The paper lacks a comprehensive comparison with existing methods. Can the authors provide a more detailed discussion or experimentation comparing their proposed 2LoRA and pLoRA methods with other state-of-the-art domain adaptation techniques for SAR imagery? It would strengthen the paper's contribution and help assess the novelty and effectiveness of their approach.

The authors designed their own dataset, which may have inherent biases. Have the authors considered testing their methods on publicly available SAR datasets to provide a more generalized evaluation? This would enhance the external validity of their findings.

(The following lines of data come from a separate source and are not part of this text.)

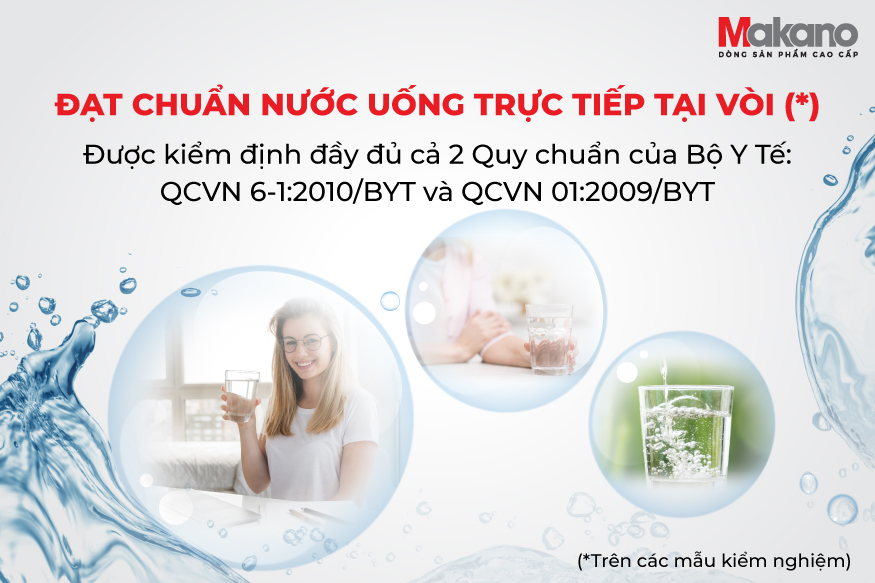 Máy lọc nước RO không vỏ tủ Makano MKW-34009D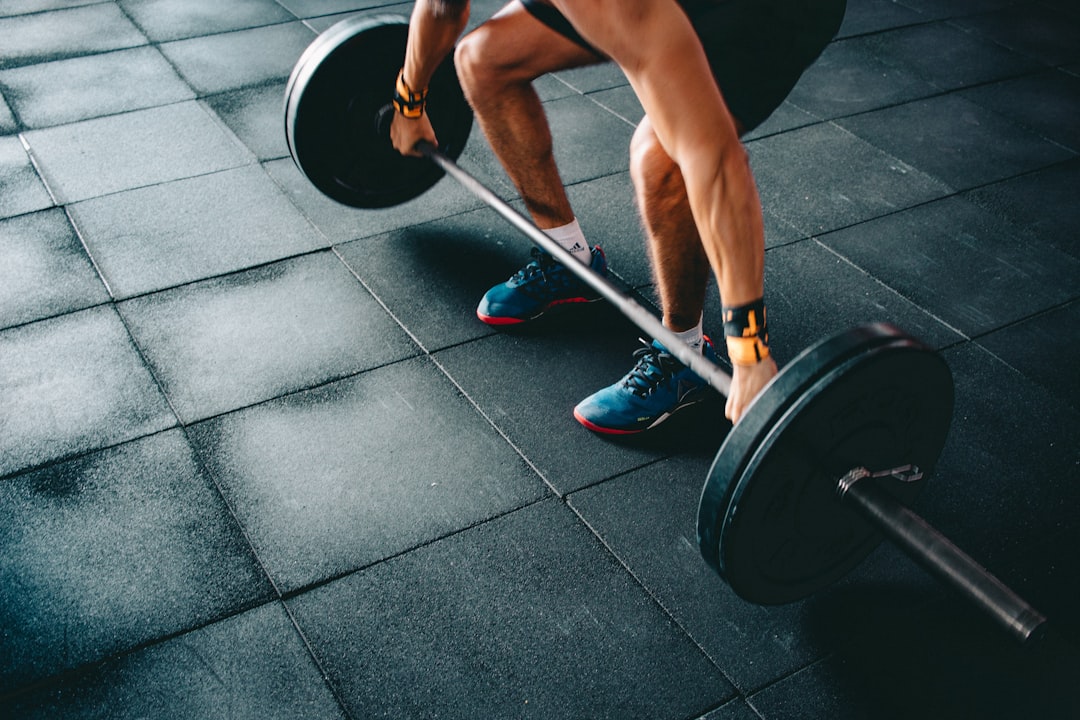 Person doing light workout during deload week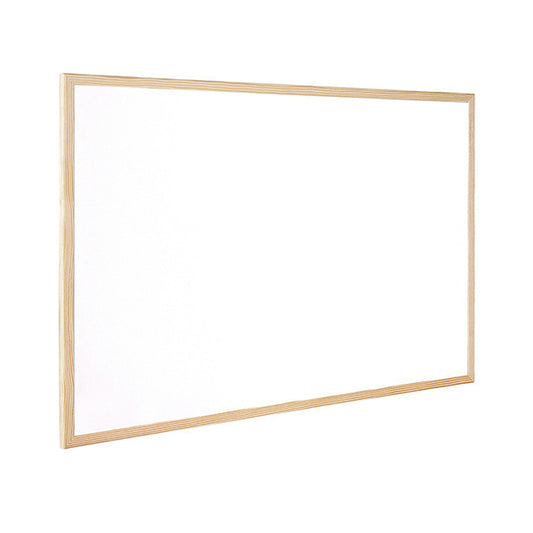 Q-Connect Wooden Frame Whiteboard 900x600mm KF03571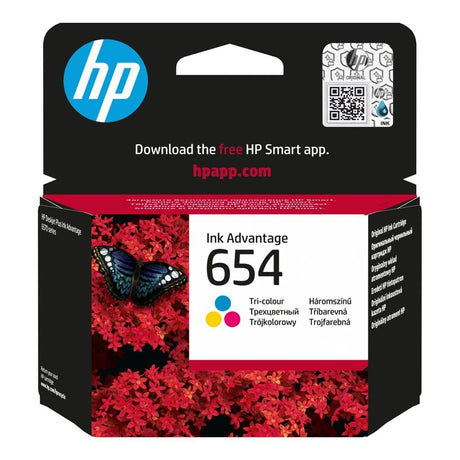 HP 654 Ink Advantage Tri-color Printer Cartridge Original 7FP38UE Single-pack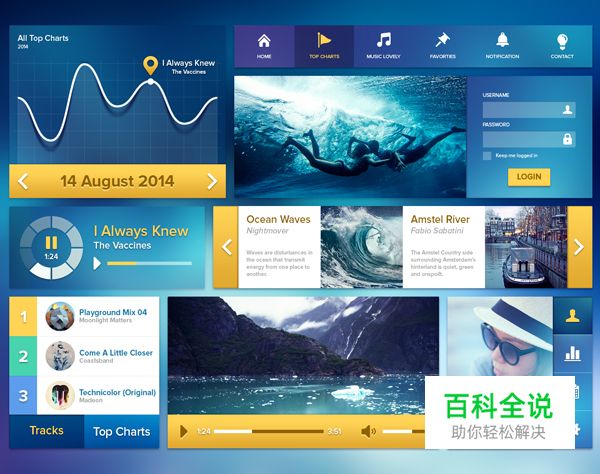 设计师必备12套精美绝伦的界面（UI PSD免费下载）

One key aspect that the authors could explore is the practical implementation of the generated data from their proposed methods in real-world applications. This would not only provide a tangible demonstration of the utility of their techniques but also make the research more relevant and applicable to various domains, such as remote sensing, defense, or environmental monitoring.

审稿意见
8

The authors present a method fro SAR data - with augmentation of data and an improved training process. The paper is well-written without errors.

优点

The paper is well written and the background sound. A large amount of content has been presented in a short number of pages very well. I find no plagiarism either.

缺点

The paper may not be easily accessible to non-experts as the paper is written very high-level. Due to space limitations, however, this is ok.

问题

In the abstract, code is referred to - this need not be in the abstract, and should rather be in the application section.

审稿意见
5

This paper proposes a 2-stage low-rank adaptation (2LoRA) method for non-visible light data synthesis. The first stage adapts the model using aerial-view regular image data, and the second stage further adapts the model using SAR modality data. Further, improving the 2LoRA to resolve the class imbalance problem in the original SAR dataset, named prototype LoRA (pLoRA). The experimental results show that the proposed method can improve the performance for minor classes.

优点

Data synthesis is important and valuable for non-visible light data, which is hard to collect large-scale dataset.

缺点

  1. The proposed methods do not show significant performance improvement when using the full traning dataset. In practical, we always will employ all data to train a model rather than only employ 10% data. However, when employing the full training data, the resample strategy is simple and comparable with the proposed method.
  2. The pLoRA is not effective. According to the experiments, pLoRA performs worse than 2LoRA in most cases.

问题

  1. Why do not provide the F1 for Cargo in Table 2?
  2. Why the performance of the proposed method is different in Tables 2 and 3?